(Mt 5,13-16) |
Sin lugar a duda que si imitáramos a la sal, el mundo, nuestro mundo iría mejor. La sal mantiene la comida con gusto y la hace apetecida. De igual forma, el cristiano debe ser ese punto de gusto, de gozo y alegría por vivir la vida.
Pero no confundamos la alegría y la paz con la diversión y la juerga. Hablamos de la alegría de sabernos esperanzados y, a pesar de nuestros dolores, sufrimientos y problemas, vivir confiados en que todo cambiará. Cambiará porque Jesús, el Hijo de Dios Vivo, nos lo ha prometido, se ha cumplido su Palabra y volverá algún día, porque ha Resucitado, a llevarnos con Él a la Vida Eterna.
Por eso, debemos ser como la sal y desprender sus buenos efectos. Pero, también debemos ser luz, la luz que nos salva de la oscuridad y nos alumbra el espacio, el lugar y el camino. ¡Cuánto la echamos de menos en lugares oscuro donde no tenemos nada a mano para alumbrarnos!
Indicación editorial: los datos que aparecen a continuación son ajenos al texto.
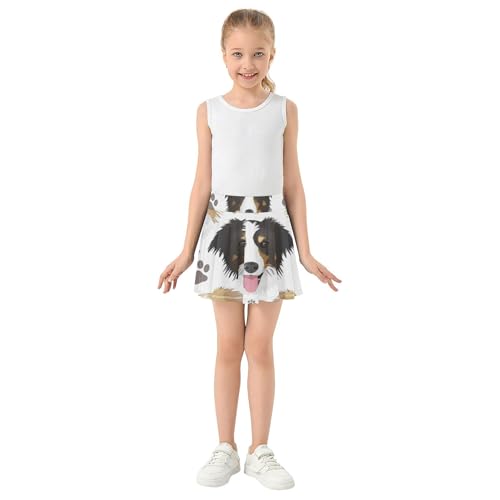 Joisal Athletic Shorts Girls Skorts Skirts with Shorts Cute Comfy Flowy Skirt Cute Border Collie Dog 3t3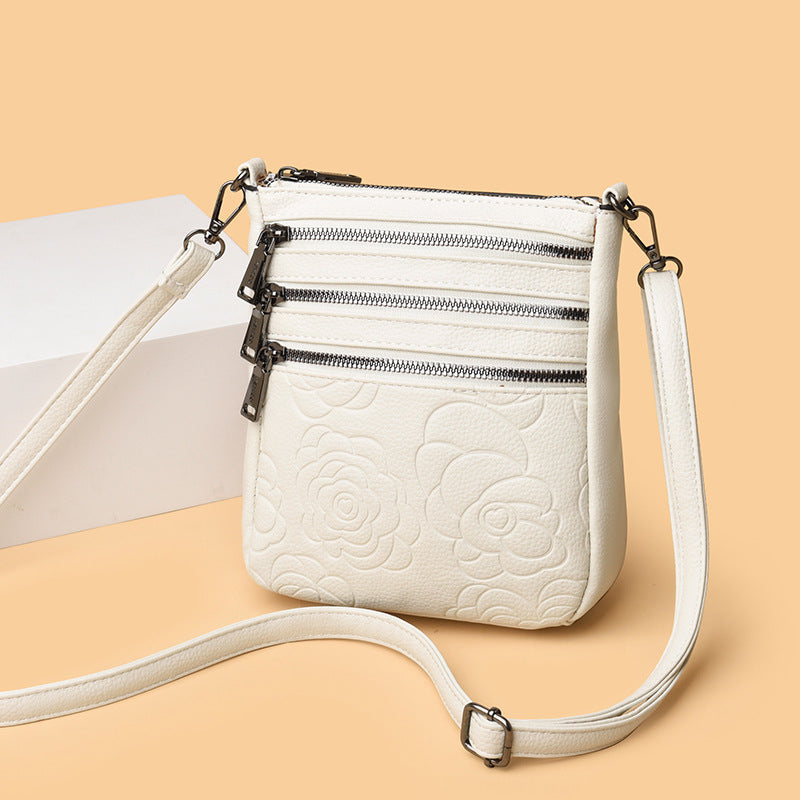 Middle-aged Lady Mother Casual Embossed Shoulder Bag Height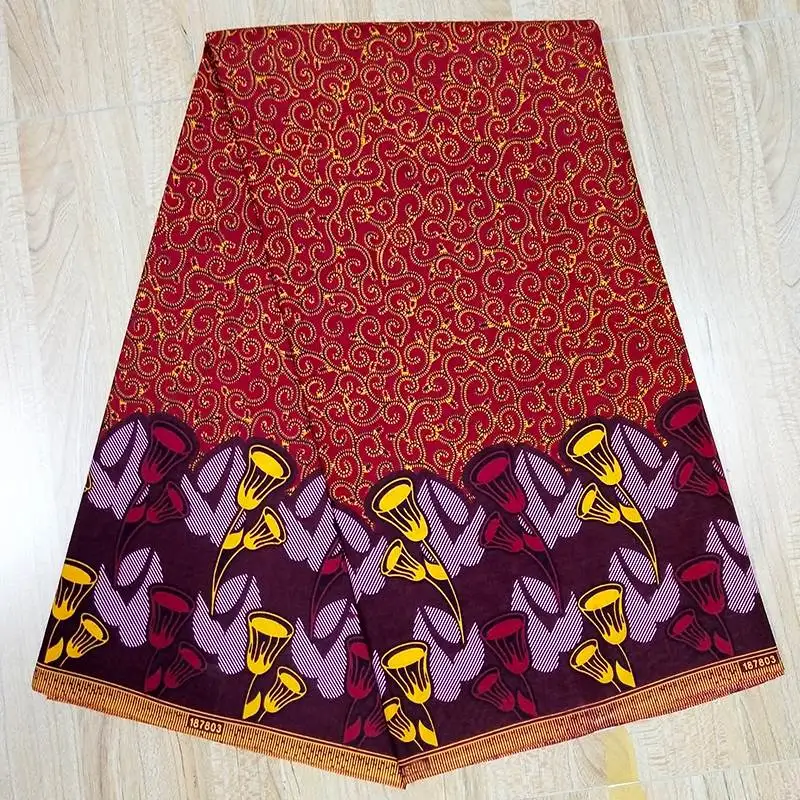 

red color african lady high quality wax print fabric real wax block ankara nigerian material by 6 yards/lot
La luz descubre la mentira y de forma transparente nos enseña la verdad. Quienes buscan la luz no esconden nada, porque en la luz no hay posibilidad de esconderse.
Por eso, las buenas intenciones son hijas de la luz, y, al contrario, las malas, están engendradas en el vicio, la oscuridad y la mentira. Y los creyentes en Jesús necesitamos ser sal y luz, para que nuestras vidas llenas de sabor y gusto por las cosas buenas y rectas, queden también alumbradas a la luz de todos y se puedan ver. No para lucimiento personal, sino como testimonio de de verdad y de ejemplo que nos mejora y nos hace la vida mejor.
Pidamos ser sal y luz que cumplan con sus propiedades. Sal que, conservada y mecida en las olas del mar esté siempre preparada para dar sabor a las sacudidas que el propio mundo nos da, y luz que como el sol, sea capaz de, pacientemente, aguardar las primeras horas del alba par destapar todo el aroma de la claridad del día y la hermosura de la verdad de la vida.